▶ [Exercise] Return the data below exactly, minus the pictures.

### Dataset excerpt

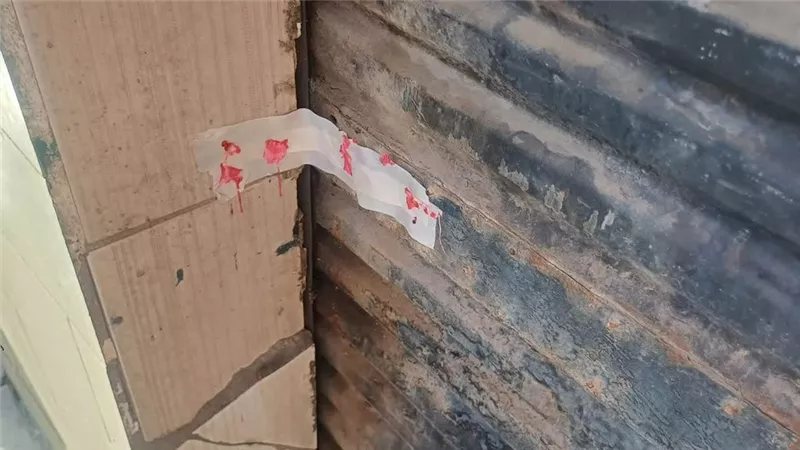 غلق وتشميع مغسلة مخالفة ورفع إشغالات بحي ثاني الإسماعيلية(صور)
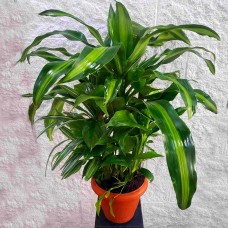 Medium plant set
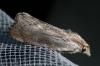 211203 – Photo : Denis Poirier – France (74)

######

▶ [Written solution]
 غلق وتشميع مغسلة مخالفة ورفع إشغالات بحي ثاني الإسماعيلية(صور)
 Medium plant set
 211203 – Photo : Denis Poirier – France (74)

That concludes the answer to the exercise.